本発明は、形状可変ミラー及び当該形状可変ミラーを使用した光ピックアップ装置に関し、より詳細には、ミラーの歪みが低減された形状可変ミラー及び光ピックアップ装置に関する。
IC技術を利用したMEMS(Micro Electro Mechanical Systems:微小電気機械)の小型、低消費電力といった優位性を利用して、カメラ、顕微鏡、光ピックアップ装置などのレンズやミラー等の光学部品と、駆動機構とを集積化することが行なわれている。
例えば、圧電セラミックスを使用したアクチュエータを、MEMSを使用してミラーと組み合わせると、アクチュエータの変位に基づいてミラーを変形させることができる。
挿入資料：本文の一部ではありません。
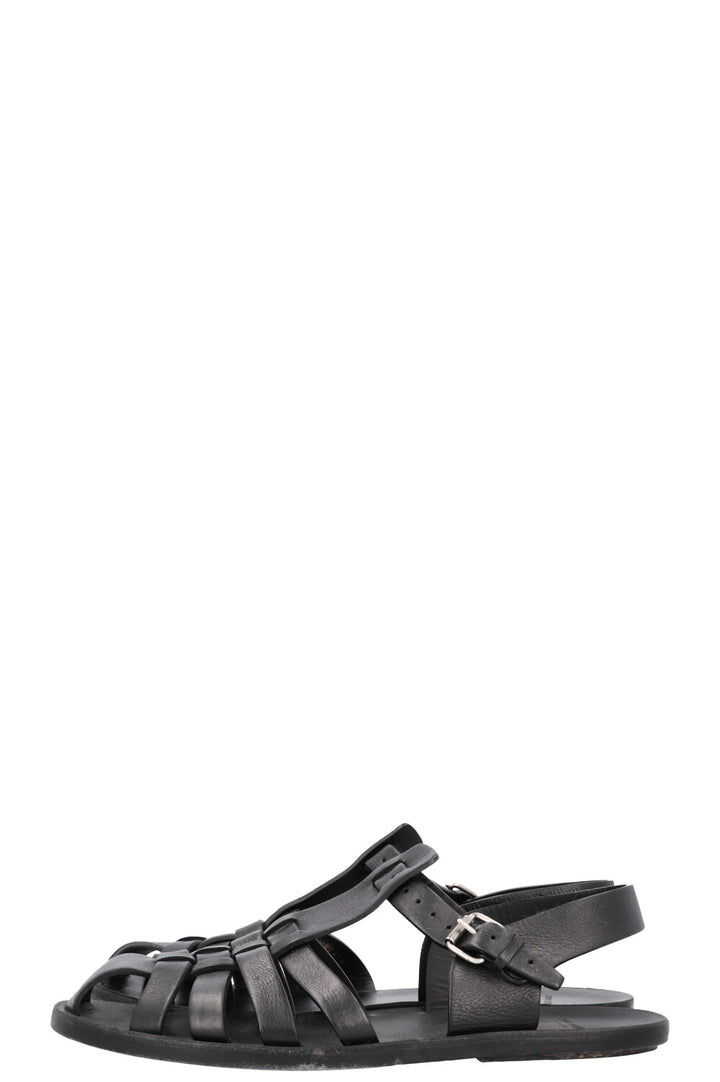 SAINT LAURENT Sandals Leather Black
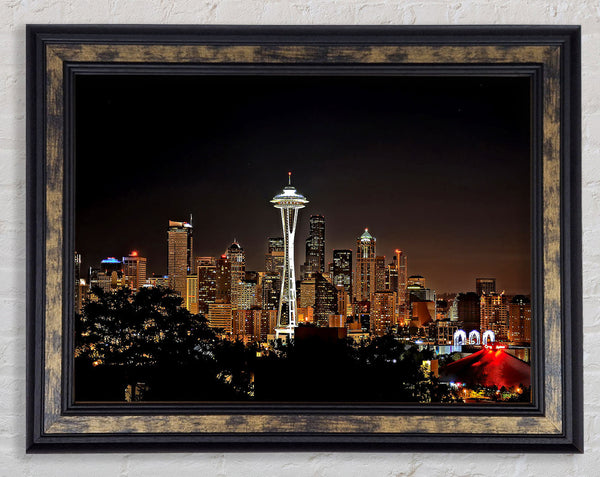 Spectacular Seattle Framed Print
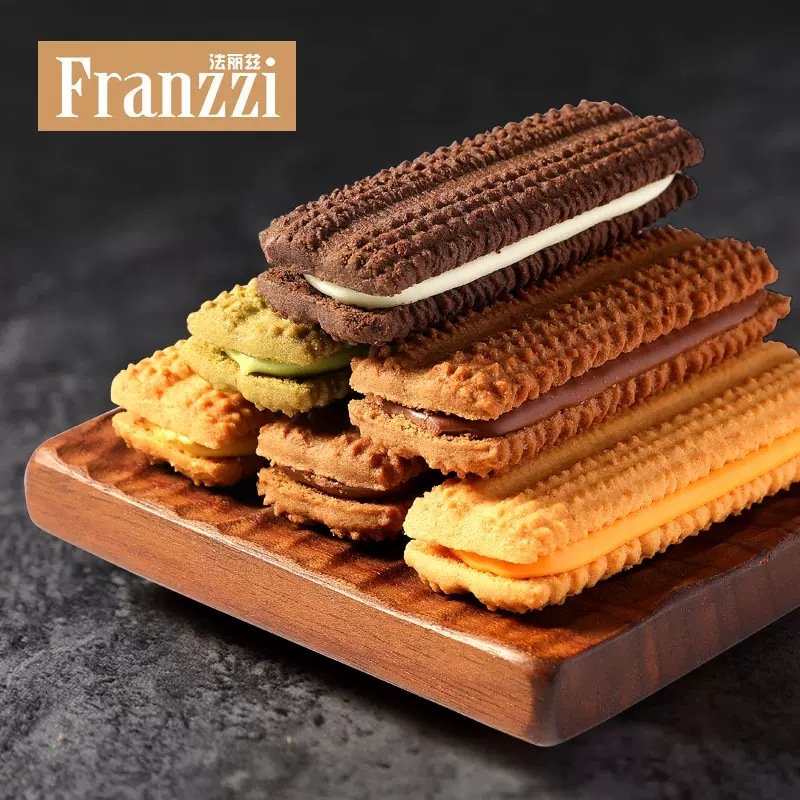 115g Franzzi Matcha Mousse Cheese Chocolate Flavored Cookies Sweet and Crispy Casual Snacks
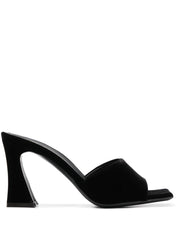 Giuseppe Zanotti Sandals Black velvet-effect leather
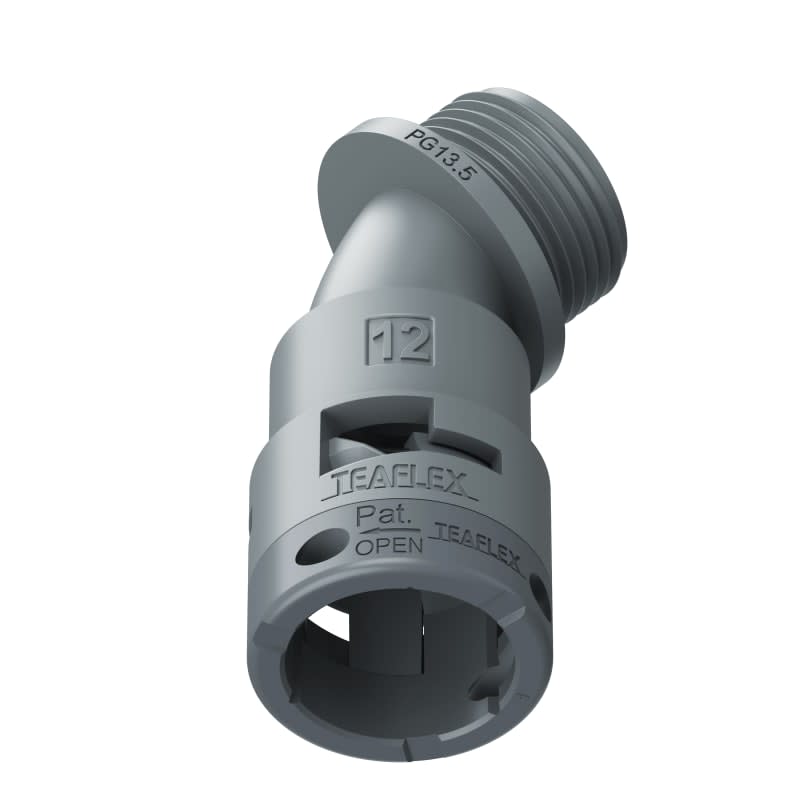 TEAFLEX - CURVA 45 IP66 BF12 PG13 GRIGI 6GBF12P13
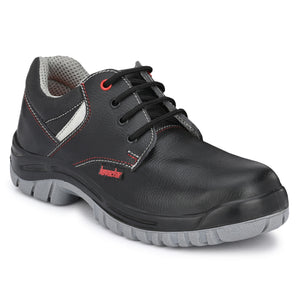 Kavacha Gravity Steel Toe Genuine Leather Double Density Safety Shoe (Grey)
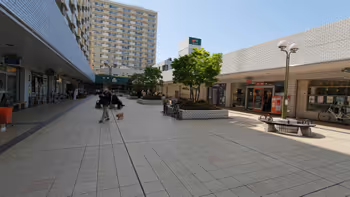 Rest area at Orange Court Shopping Center near Nishi-Waseda Station - Part 1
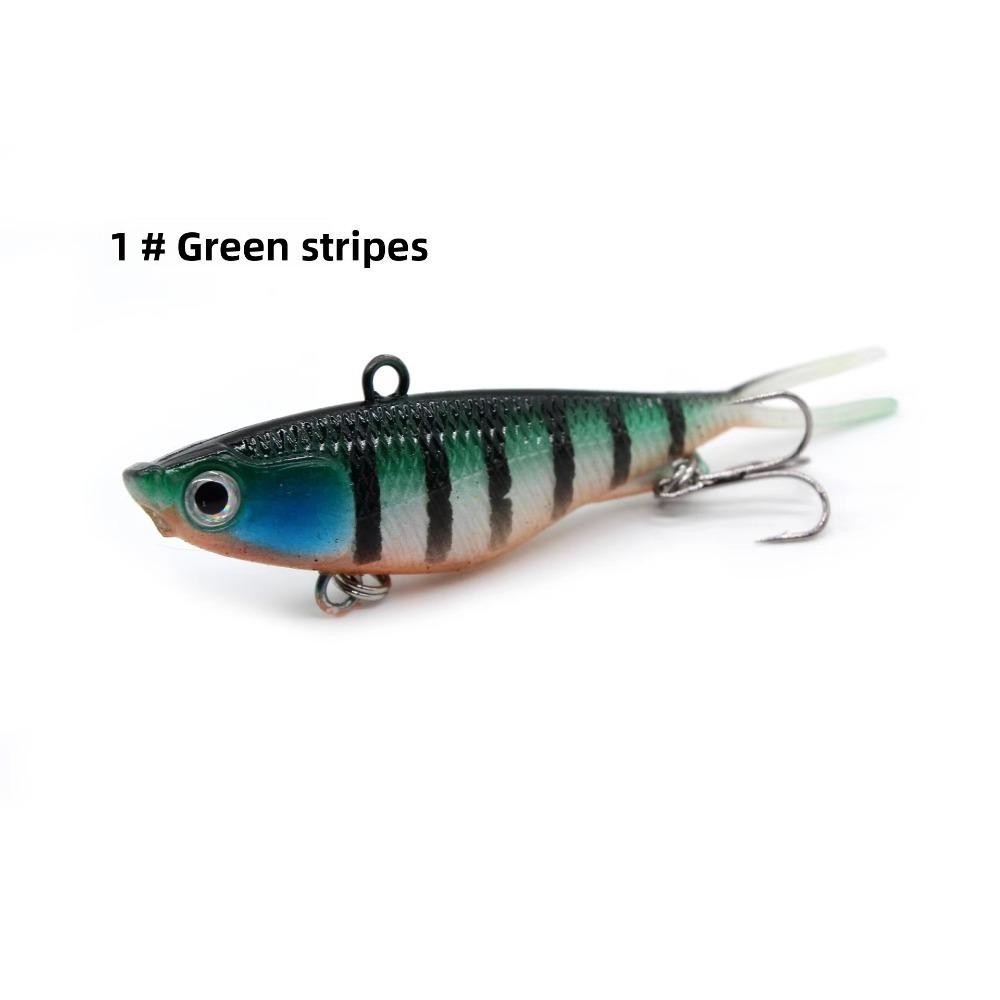 

2pcs 21g Weight Soft Bait Fishing Lure 9.5cm Length Whopper Lure Silicone Fishing Lure VIB Fishing 2pcs-1#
このような形状可変ミラーを光ピックアップ装置の立ち上げミラーとして利用すると、光ピックアップ装置のコマ収差等の波面収差を補正することができる。
特許文献1では、表示装置、光変調器、可変コンデンサ等に応用可能なアクチュエータ装置であって、複数のアクチュエータが平面的に配列された駆動部の上に、この複数のアクチュエータの駆動力が伝達される板部材を設けることによって、不良なアクチュエータの変位を複数の正常なアクチュエータの変位で補償できるようにしたアクチュエータ装置が提案されている。
このアクチュエータ装置では、圧電層の分極を行なう際の印加電圧を、接着剤を硬化させる時の電圧よりも大きい電圧とし、アクチュエータの変位特性を実際に駆動する際の特性曲線に一致させている。
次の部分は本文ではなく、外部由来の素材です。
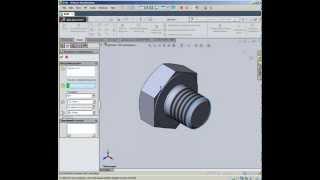 Изображение резьбы SOLIDWORKS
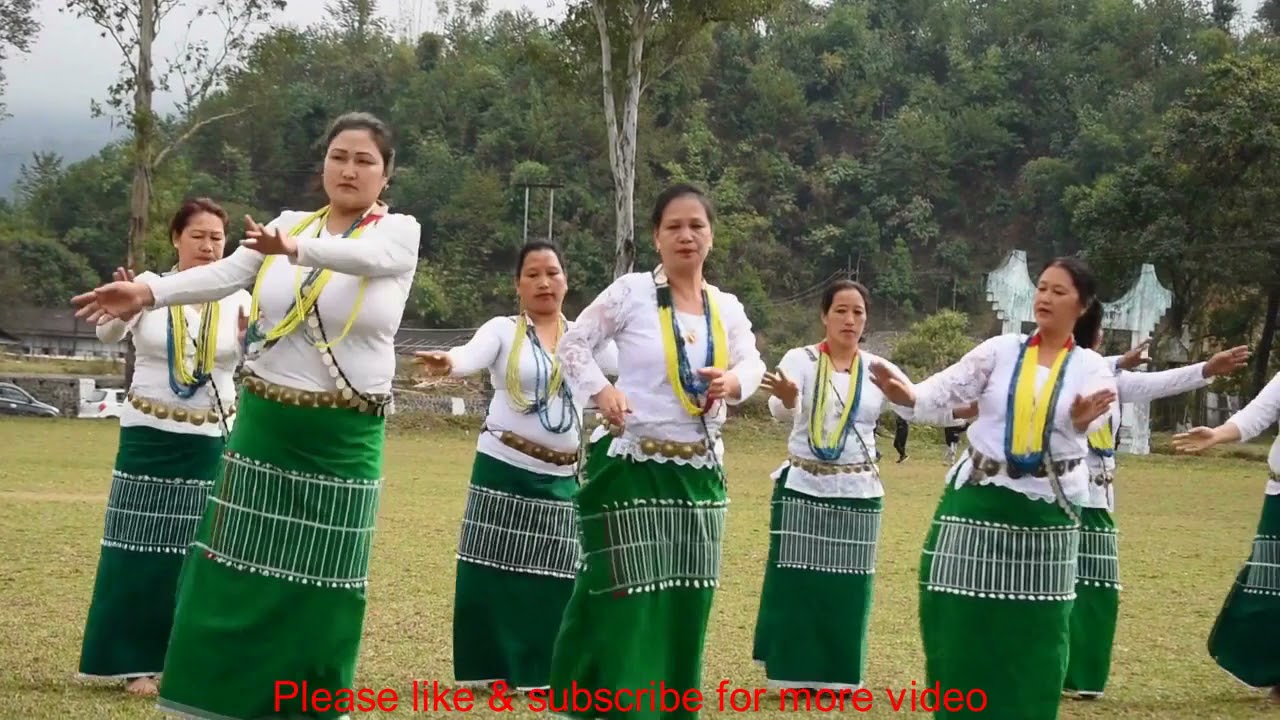 Ngonu galo moko Galo Dance by Kamba ADC complex women of west Siang distt Arunachal Pradesh India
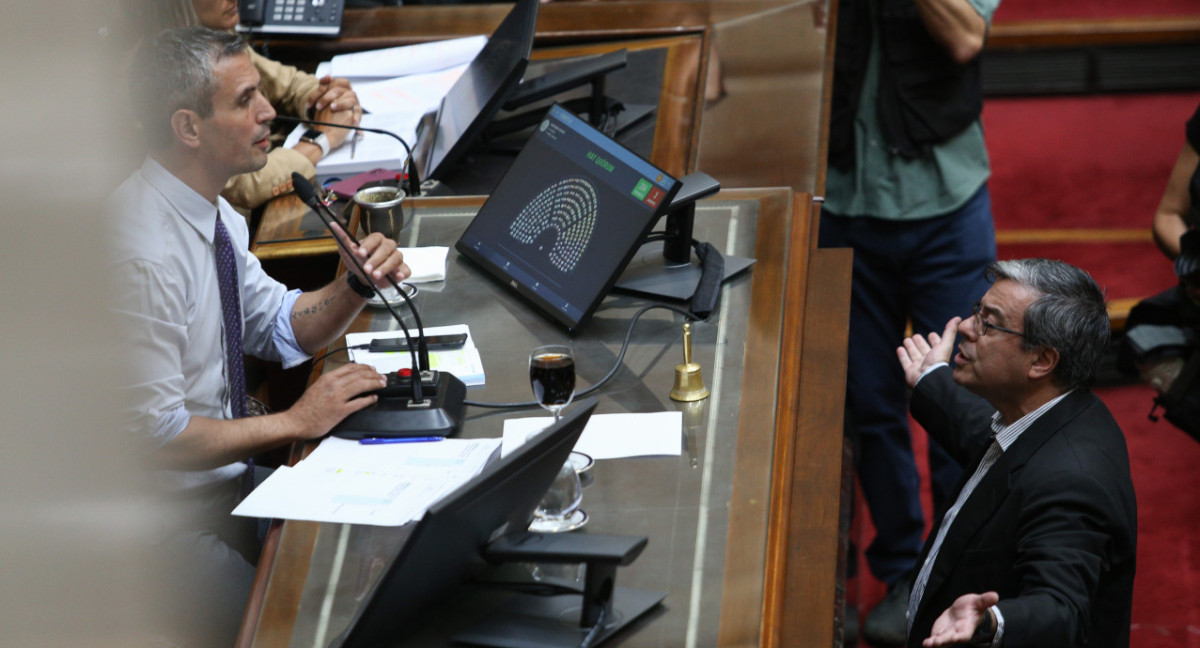 Debate en Diputados de la Ley Ómnibus. Foto: NA.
特許文献2では、光軸に対して略対称に設けられている分極方向が異なる一対の電極と、この電極で挟まれるように設けられている圧電体と、光学反射膜とを備える形状可変ミラーであって、圧電体で光学反射膜の形状を変化させ、ミラーの球面収差を補正する収差補正ミラーが提案されている。この収差補正ミラーでは、分極処理の方向が逆であるために、圧電体は一方の領域で下に凸、他方の領域では上に凸になっている。
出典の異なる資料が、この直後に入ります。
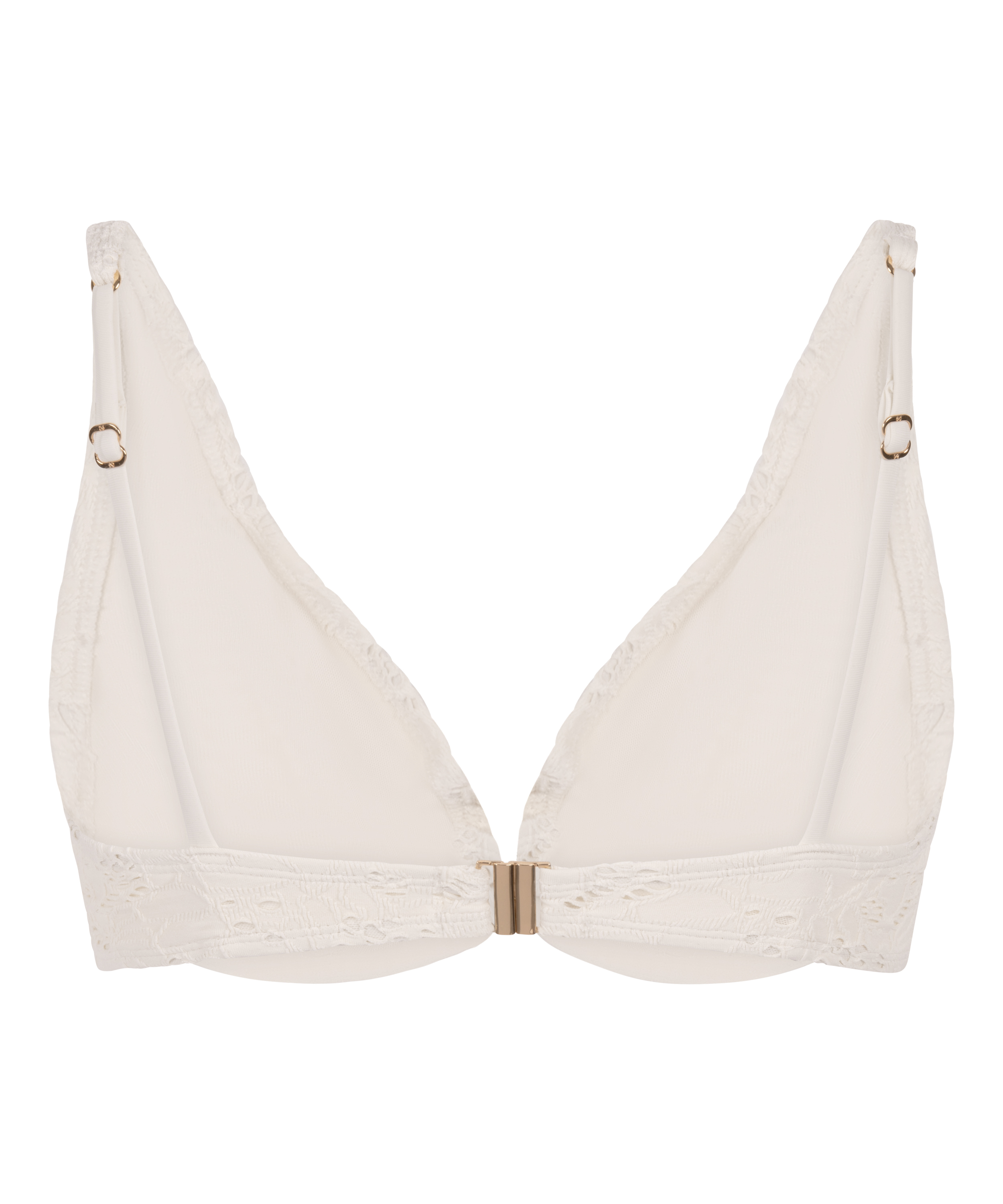 Crochet Bikini Top, White, main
特許文献3では、支持基板と鏡面を有するミラーとに挟まれた圧電素子によって、鏡面を変形させる形状可変ミラーであって、支持基板と圧電素子との接合部および圧電素子とミラーとの接合部が金属の薄層を有し、当該金属の薄層を有する接合部を加熱状態で圧着することによって、金属層の介入により接合部の接合度を増すようにした形状可変ミラーが提案されている。
特許文献4では、支持基板と反対側の面に光ビームが照射される鏡面を有するミラーと、支持基板とミラーに挟まれた圧電素子とを備える形状可変ミラーであって、圧電素子を所定の配置とすることによって、鏡面に発生する歪みの影響を受けないで、収差の補正を行なうことができる形状可変ミラーが提案されている。
特開2005−57250号公報 特開2005−92987号公報 特開2006−351156号公報 特開2006−351154号公報
しかしながら、特許文献1に記載のアクチュエータ装置では、分極処理を行なう際の電圧印加を接着剤硬化時及び駆動時の電圧より高くしているが、このような電圧の印加では、圧電セラミックスの残留歪みが大きい。
すなわち、アクチュエータの組み立てが終了した後に、再度キュリー点(圧電体の自発分極が喪失する温度)以上の温度が必要なプロセスを行なうと、再度分極処理を行なう必要があるが、ヒステリシスを考慮して分極を行なっても、分極が終了した時点で残留歪みが生じており、この残留歪みが低減されているわけではない。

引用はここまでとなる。